Exercise prompt - An exact transcription of the lines below, from the first through the one containing "Samsonite Paralux™ 系列行李箱全新配色登場，為", is the only output wanted.

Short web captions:
- Opening Delimiter -

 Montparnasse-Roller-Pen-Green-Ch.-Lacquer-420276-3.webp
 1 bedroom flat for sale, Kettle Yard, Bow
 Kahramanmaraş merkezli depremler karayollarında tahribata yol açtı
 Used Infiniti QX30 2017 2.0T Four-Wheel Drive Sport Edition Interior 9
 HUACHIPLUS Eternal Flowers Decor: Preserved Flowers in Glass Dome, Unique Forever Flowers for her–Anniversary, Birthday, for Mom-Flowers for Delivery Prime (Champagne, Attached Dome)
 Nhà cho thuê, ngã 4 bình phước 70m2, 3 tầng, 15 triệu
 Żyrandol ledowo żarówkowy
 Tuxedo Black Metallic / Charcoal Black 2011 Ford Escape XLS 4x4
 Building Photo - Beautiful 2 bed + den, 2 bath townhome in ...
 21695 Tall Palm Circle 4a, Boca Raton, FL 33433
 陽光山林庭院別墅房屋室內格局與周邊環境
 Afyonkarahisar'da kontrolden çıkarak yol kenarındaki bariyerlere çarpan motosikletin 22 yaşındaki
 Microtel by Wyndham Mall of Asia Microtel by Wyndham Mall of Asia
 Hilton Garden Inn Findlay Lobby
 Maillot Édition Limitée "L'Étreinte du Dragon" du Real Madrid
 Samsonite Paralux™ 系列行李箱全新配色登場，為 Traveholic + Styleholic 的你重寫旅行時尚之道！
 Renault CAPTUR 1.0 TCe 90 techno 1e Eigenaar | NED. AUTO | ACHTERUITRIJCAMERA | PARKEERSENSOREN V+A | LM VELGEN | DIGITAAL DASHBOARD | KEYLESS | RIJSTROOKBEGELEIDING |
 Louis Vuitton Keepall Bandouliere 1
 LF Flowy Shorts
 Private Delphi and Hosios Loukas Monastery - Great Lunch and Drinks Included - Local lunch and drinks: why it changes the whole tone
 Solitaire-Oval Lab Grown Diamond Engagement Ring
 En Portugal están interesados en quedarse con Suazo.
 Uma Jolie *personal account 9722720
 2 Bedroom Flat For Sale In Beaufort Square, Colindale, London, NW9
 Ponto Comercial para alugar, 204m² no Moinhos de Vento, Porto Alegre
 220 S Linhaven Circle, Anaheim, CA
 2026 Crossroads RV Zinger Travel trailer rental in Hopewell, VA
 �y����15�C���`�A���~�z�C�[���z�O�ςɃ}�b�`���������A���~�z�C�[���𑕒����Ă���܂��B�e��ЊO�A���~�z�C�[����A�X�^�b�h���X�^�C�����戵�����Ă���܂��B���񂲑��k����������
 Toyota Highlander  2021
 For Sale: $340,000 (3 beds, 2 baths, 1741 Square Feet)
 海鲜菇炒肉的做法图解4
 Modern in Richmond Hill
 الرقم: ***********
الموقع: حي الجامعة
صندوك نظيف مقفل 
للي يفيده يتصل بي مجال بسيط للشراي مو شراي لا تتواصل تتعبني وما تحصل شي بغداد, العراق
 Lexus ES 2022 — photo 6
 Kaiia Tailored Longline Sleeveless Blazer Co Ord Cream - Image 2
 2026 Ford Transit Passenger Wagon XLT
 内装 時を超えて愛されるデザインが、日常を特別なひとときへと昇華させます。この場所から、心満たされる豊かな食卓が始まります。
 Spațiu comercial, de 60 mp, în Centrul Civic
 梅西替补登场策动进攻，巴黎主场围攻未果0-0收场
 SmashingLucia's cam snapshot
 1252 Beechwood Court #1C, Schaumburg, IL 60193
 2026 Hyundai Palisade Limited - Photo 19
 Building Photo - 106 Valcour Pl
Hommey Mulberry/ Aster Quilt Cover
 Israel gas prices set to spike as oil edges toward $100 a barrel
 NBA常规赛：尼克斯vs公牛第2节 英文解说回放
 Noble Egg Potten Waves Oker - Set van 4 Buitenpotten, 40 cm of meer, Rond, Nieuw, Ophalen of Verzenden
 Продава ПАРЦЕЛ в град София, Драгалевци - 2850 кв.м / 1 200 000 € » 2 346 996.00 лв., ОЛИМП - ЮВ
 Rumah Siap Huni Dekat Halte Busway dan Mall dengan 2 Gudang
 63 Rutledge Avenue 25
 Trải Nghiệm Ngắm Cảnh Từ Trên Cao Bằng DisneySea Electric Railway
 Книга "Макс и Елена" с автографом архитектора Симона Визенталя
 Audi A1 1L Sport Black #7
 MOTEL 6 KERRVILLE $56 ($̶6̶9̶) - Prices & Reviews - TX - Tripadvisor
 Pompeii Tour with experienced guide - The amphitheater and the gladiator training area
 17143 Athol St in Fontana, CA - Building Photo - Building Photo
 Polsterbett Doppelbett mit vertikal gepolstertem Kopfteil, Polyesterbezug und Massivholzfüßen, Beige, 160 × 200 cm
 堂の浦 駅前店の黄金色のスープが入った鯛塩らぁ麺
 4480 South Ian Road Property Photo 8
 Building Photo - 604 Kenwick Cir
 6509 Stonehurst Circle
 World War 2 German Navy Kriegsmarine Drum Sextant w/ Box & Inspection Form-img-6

- Closing Delimiter -

Exercise answer -
 Montparnasse-Roller-Pen-Green-Ch.-Lacquer-420276-3.webp
 1 bedroom flat for sale, Kettle Yard, Bow
 Kahramanmaraş merkezli depremler karayollarında tahribata yol açtı
 Used Infiniti QX30 2017 2.0T Four-Wheel Drive Sport Edition Interior 9
 HUACHIPLUS Eternal Flowers Decor: Preserved Flowers in Glass Dome, Unique Forever Flowers for her–Anniversary, Birthday, for Mom-Flowers for Delivery Prime (Champagne, Attached Dome)
 Nhà cho thuê, ngã 4 bình phước 70m2, 3 tầng, 15 triệu
 Żyrandol ledowo żarówkowy
 Tuxedo Black Metallic / Charcoal Black 2011 Ford Escape XLS 4x4
 Building Photo - Beautiful 2 bed + den, 2 bath townhome in ...
 21695 Tall Palm Circle 4a, Boca Raton, FL 33433
 陽光山林庭院別墅房屋室內格局與周邊環境
 Afyonkarahisar'da kontrolden çıkarak yol kenarındaki bariyerlere çarpan motosikletin 22 yaşındaki
 Microtel by Wyndham Mall of Asia Microtel by Wyndham Mall of Asia
 Hilton Garden Inn Findlay Lobby
 Maillot Édition Limitée "L'Étreinte du Dragon" du Real Madrid
 Samsonite Paralux™ 系列行李箱全新配色登場，為 Traveholic + Styleholic 的你重寫旅行時尚之道！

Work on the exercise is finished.